While Fools should generally take the opinion of Wall Street with a grain of salt, it's not a bad idea to take a closer look at particularly stock-shaking upgrades and downgrades -- just in case their reasoning behind the call makes sense.
What: Shares of Eagle Rock Energy Partners (NASDAQ: EROC) slipped almost 1% in pre-market trading Friday after Wells Fargo downgraded the natural gas processor from outperform to market perform.
So what: Along with the downgrade, analyst Praneeth Satish lowered his price target to $5-$6 (from $7-$8), with the midpoint representing about 9% worth of upside to yesterday's close. While contrarians might be attracted to the stock's steady slide over the past year, Satish thinks that Eagle Rock's upside remains limited given the company's seemingly lackluster growth prospects and worrisome trend of rising costs.

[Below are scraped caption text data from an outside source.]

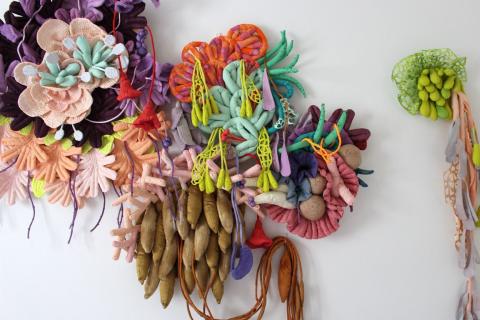 Värikkäistä langoista tehtyjä kukkia muistuttavia taideteoksia. 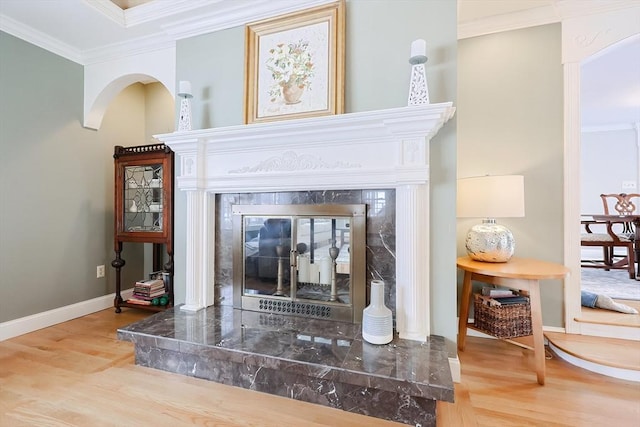 room details with ornamental molding, hardwood / wood-style floors, and a high end fireplace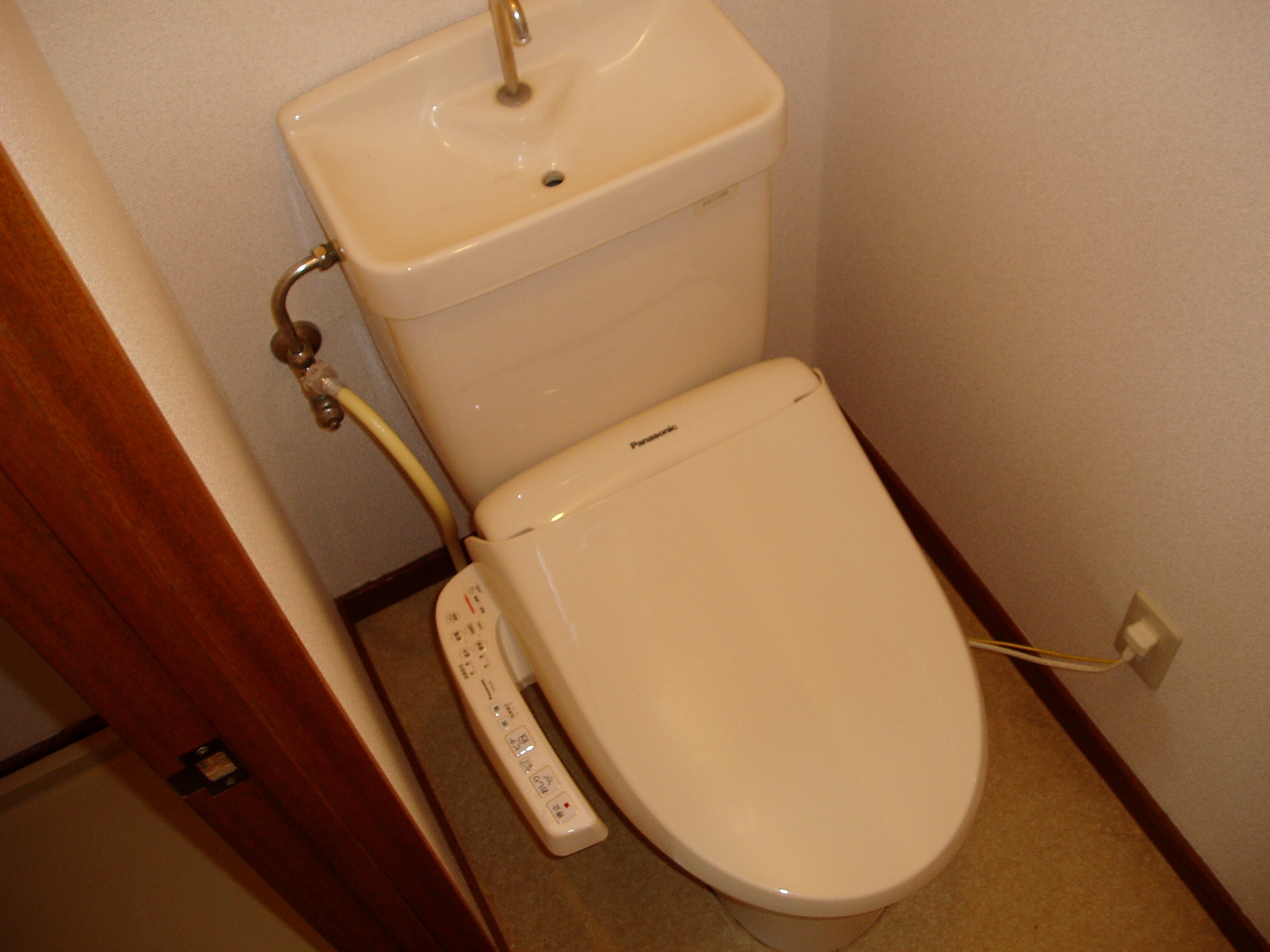 Toilet. New bidet attachment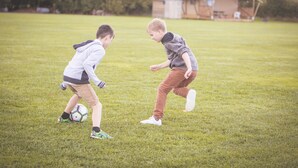 Two children playing soccer on a grassy field with a building in the background. - Canvas & Clover (Worcester)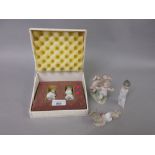 Two miniature Lladro figures of boy angels, boxed and three similar figures (no boxes)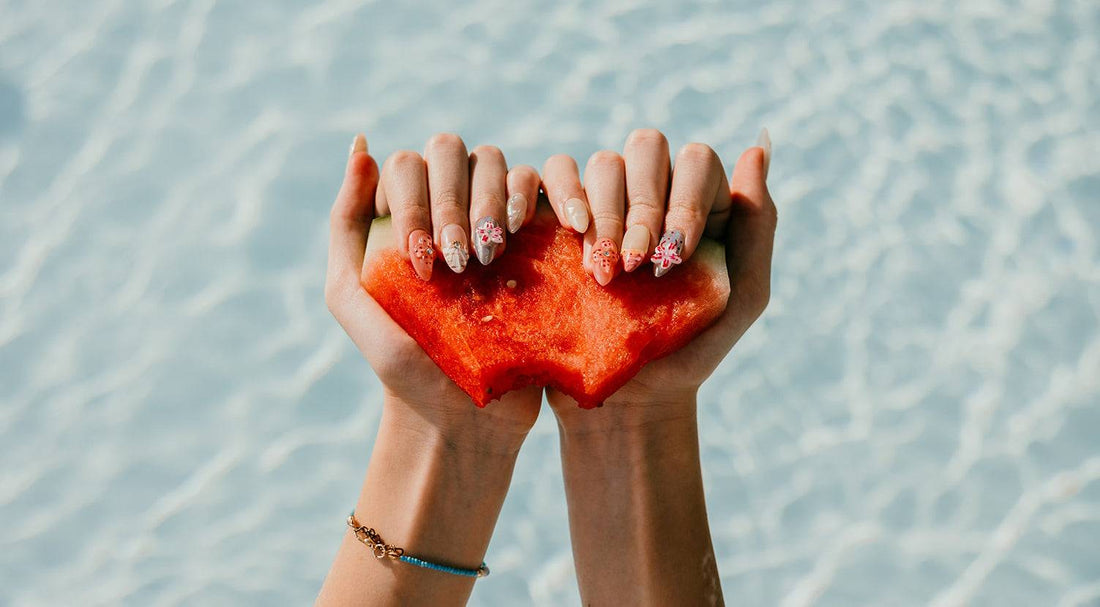 A woman's hands with a beautiful manicure holding a heart-shaped piece of watermelon, representing the love and care behind the creation of Nail Addict's press-on nails.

Now what: According to Wells, Eagle Rock's risk/reward trade-off isn't too attractive at this point. "Although we continue to expect EROC's balance sheet to improve meaningfully following its transaction with RGP and the partnership to re-lever its balance sheet with a debt-financed acquisition, we now anticipate accretion from this acquisition would be used to bring EROC's coverage ratio back to approximately 1.0x rather than support a distribution increase (i.e. our prior thesis)," noted Satish. "Consequently, as a low-to-no growth, natural gas-focused upstream MLP, we believe EROC could trade at an 11.5% yield (implies a valuation of approximately $5.20 per unit)." With Eagle Rock already off more than 50% from its 52-week highs and boasting a near-12% dividend yield, however, now might not be the most opportune time to bail.